## Exercise objective
Word for word, restate the listing; omit the pictures.
=== Begin Enclosure ===
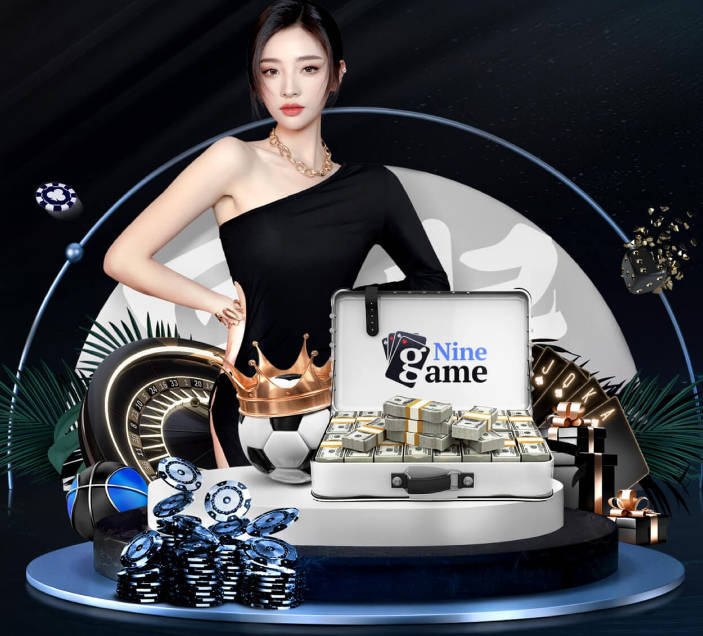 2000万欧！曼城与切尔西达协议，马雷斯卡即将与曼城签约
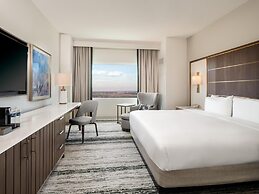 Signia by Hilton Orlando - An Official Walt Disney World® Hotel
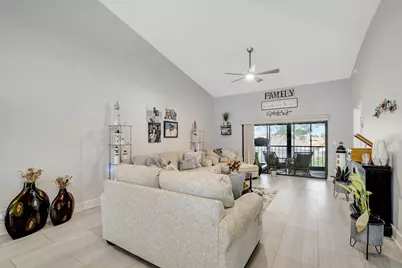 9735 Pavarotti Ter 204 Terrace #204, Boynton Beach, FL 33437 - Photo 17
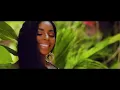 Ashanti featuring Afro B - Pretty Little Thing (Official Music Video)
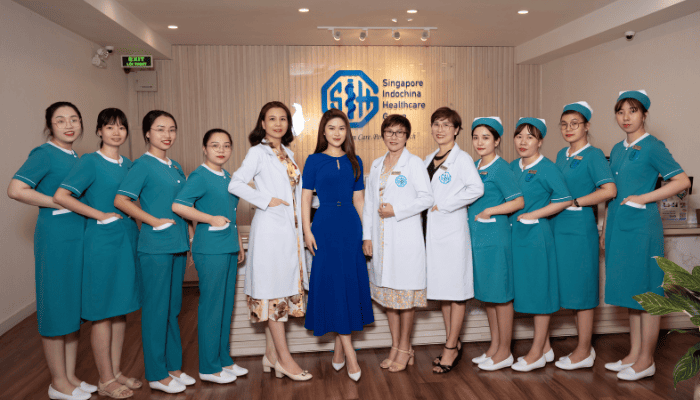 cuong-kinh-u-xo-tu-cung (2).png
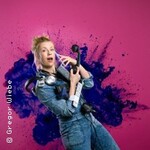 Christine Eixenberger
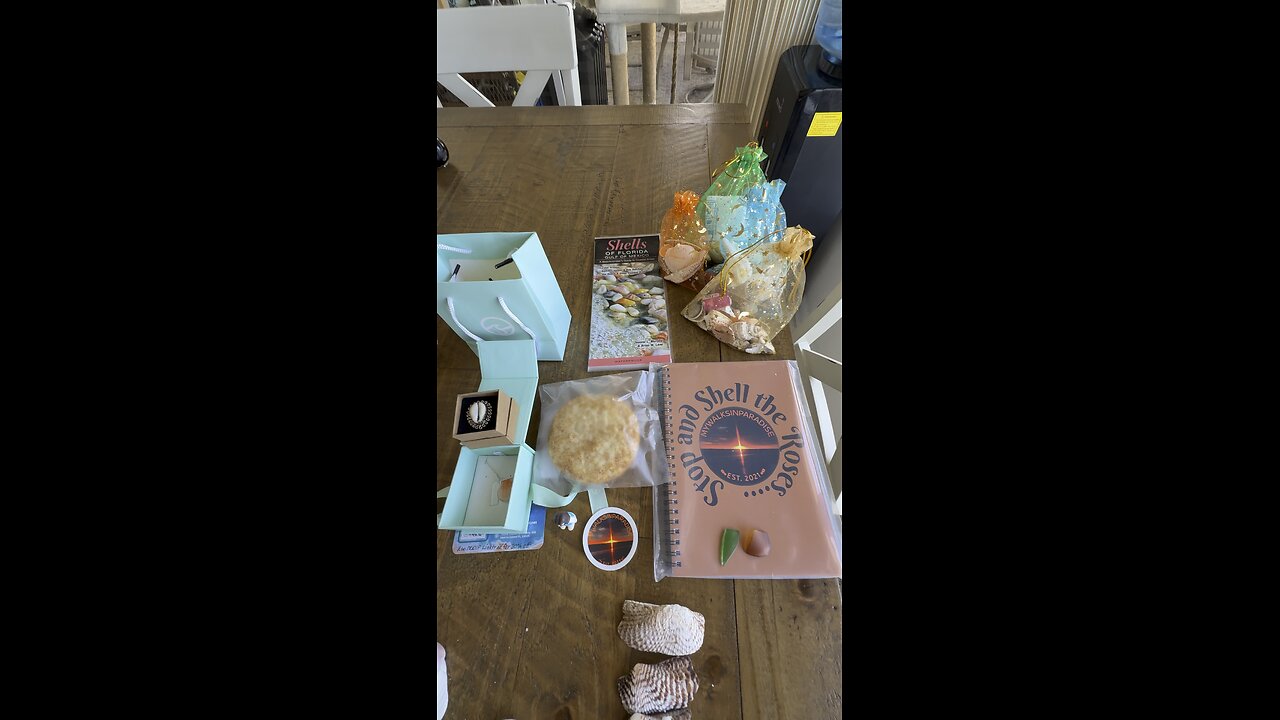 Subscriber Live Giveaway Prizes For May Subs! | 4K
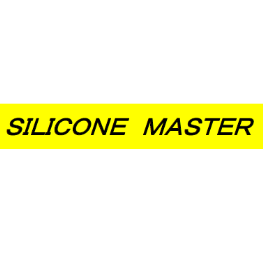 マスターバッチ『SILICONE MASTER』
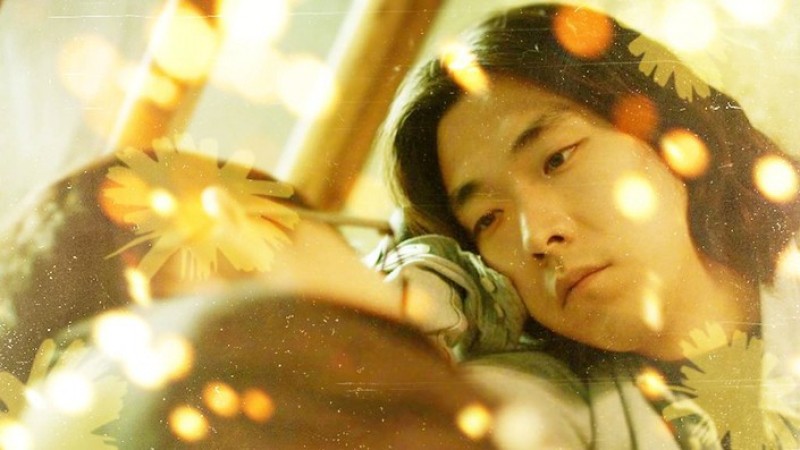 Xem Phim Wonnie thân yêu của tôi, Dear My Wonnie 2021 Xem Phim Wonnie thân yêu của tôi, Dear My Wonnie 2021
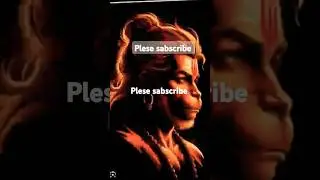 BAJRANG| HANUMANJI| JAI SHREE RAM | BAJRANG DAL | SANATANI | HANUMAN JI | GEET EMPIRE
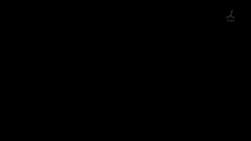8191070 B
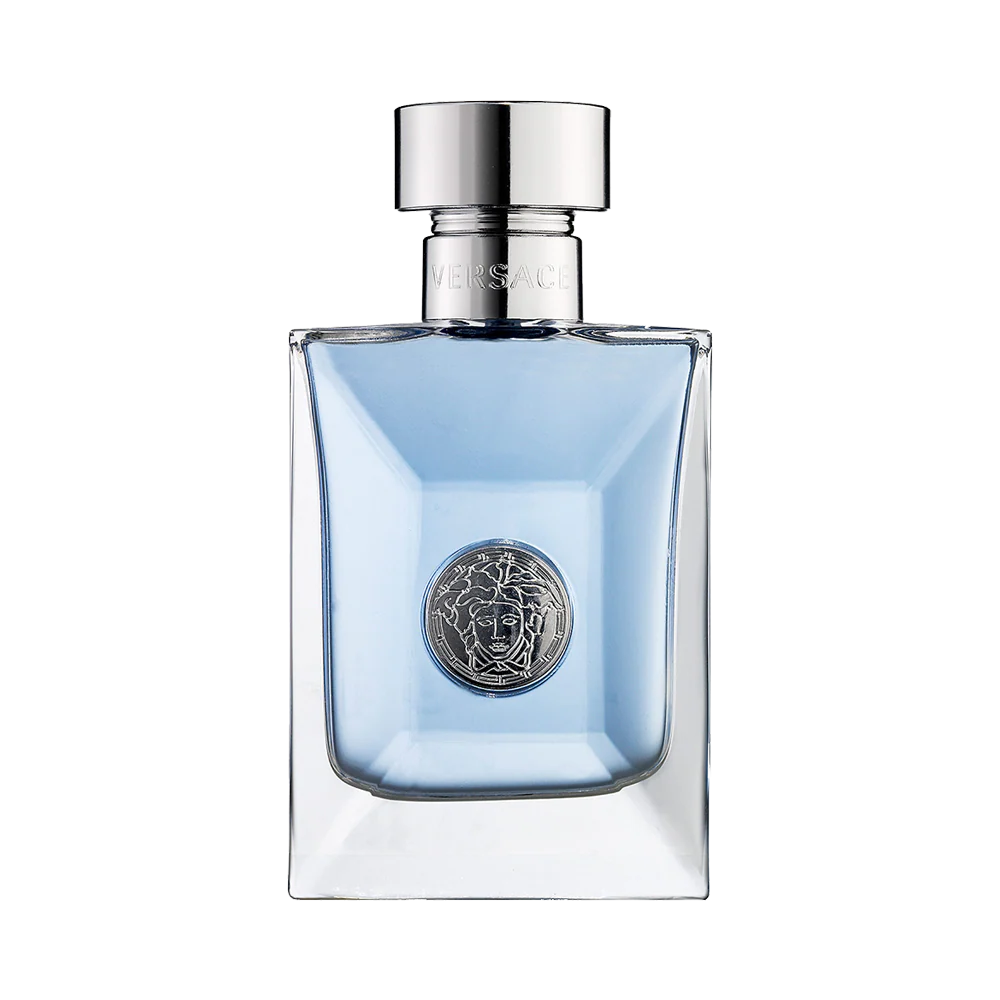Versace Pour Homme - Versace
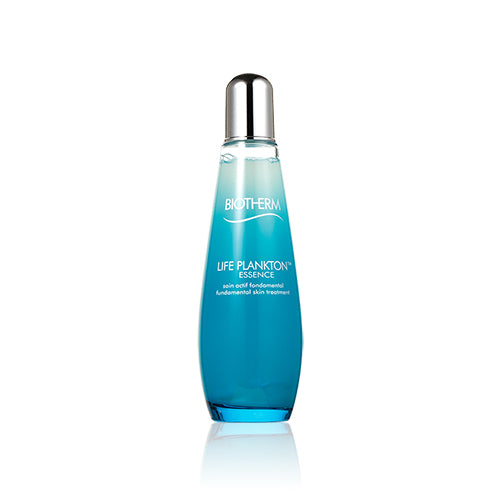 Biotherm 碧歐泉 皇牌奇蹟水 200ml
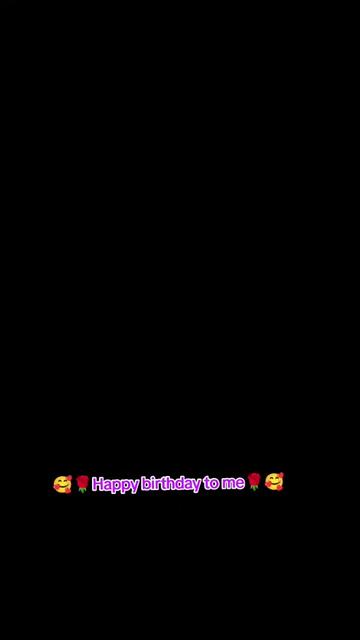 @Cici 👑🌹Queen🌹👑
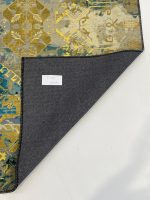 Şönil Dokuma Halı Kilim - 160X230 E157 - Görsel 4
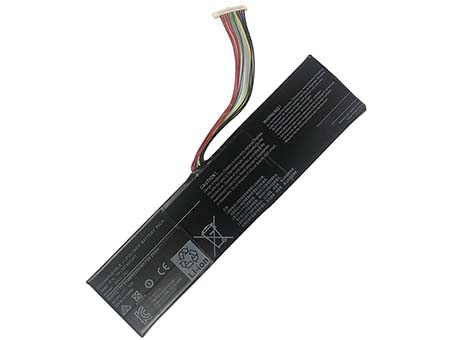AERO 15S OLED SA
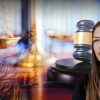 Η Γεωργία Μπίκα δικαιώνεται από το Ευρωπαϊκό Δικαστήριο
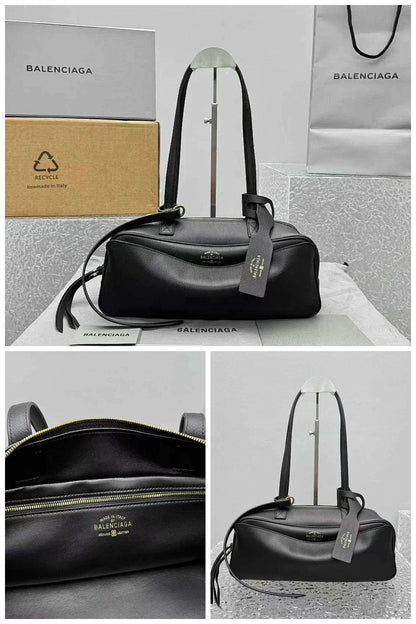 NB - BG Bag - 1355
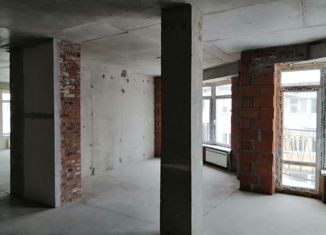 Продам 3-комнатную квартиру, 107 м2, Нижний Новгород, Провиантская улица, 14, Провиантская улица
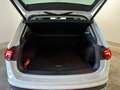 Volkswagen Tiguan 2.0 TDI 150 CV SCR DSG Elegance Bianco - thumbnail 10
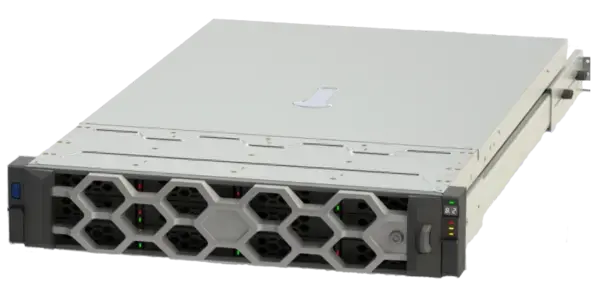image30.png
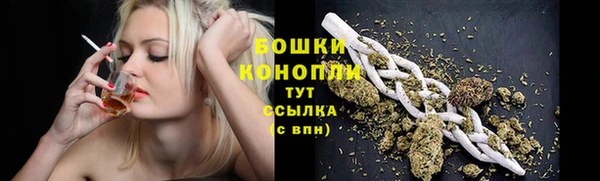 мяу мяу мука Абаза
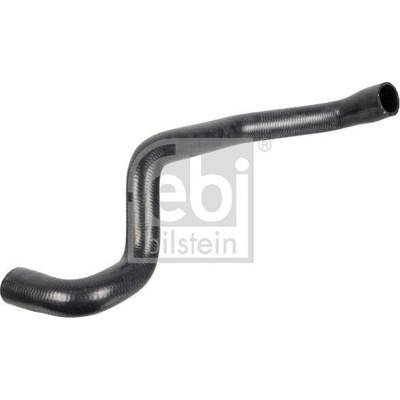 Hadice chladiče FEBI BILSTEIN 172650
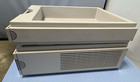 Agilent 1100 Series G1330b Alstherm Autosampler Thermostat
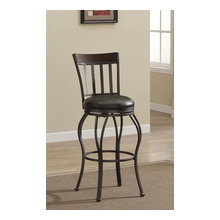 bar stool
=== End Enclosure ===
## Answer
 2000万欧！曼城与切尔西达协议，马雷斯卡即将与曼城签约
 Signia by Hilton Orlando - An Official Walt Disney World® Hotel
 9735 Pavarotti Ter 204 Terrace #204, Boynton Beach, FL 33437 - Photo 17
 Ashanti featuring Afro B - Pretty Little Thing (Official Music Video)
 cuong-kinh-u-xo-tu-cung (2).png
 Christine Eixenberger
 Subscriber Live Giveaway Prizes For May Subs! | 4K
 マスターバッチ『SILICONE MASTER』
 Xem Phim Wonnie thân yêu của tôi, Dear My Wonnie 2021 Xem Phim Wonnie thân yêu của tôi, Dear My Wonnie 2021
 BAJRANG| HANUMANJI| JAI SHREE RAM | BAJRANG DAL | SANATANI | HANUMAN JI | GEET EMPIRE
8191070 B
Versace Pour Homme - Versace
 Biotherm 碧歐泉 皇牌奇蹟水 200ml
 @Cici 👑🌹Queen🌹👑
 Şönil Dokuma Halı Kilim - 160X230 E157 - Görsel 4
AERO 15S OLED SA
 Η Γεωργία Μπίκα δικαιώνεται από το Ευρωπαϊκό Δικαστήριο
 NB - BG Bag - 1355
 Продам 3-комнатную квартиру, 107 м2, Нижний Новгород, Провиантская улица, 14, Провиантская улица
 Volkswagen Tiguan 2.0 TDI 150 CV SCR DSG Elegance Bianco - thumbnail 10
image30.png
 мяу мяу мука Абаза
 Hadice chladiče FEBI BILSTEIN 172650
 Agilent 1100 Series G1330b Alstherm Autosampler Thermostat
 bar stool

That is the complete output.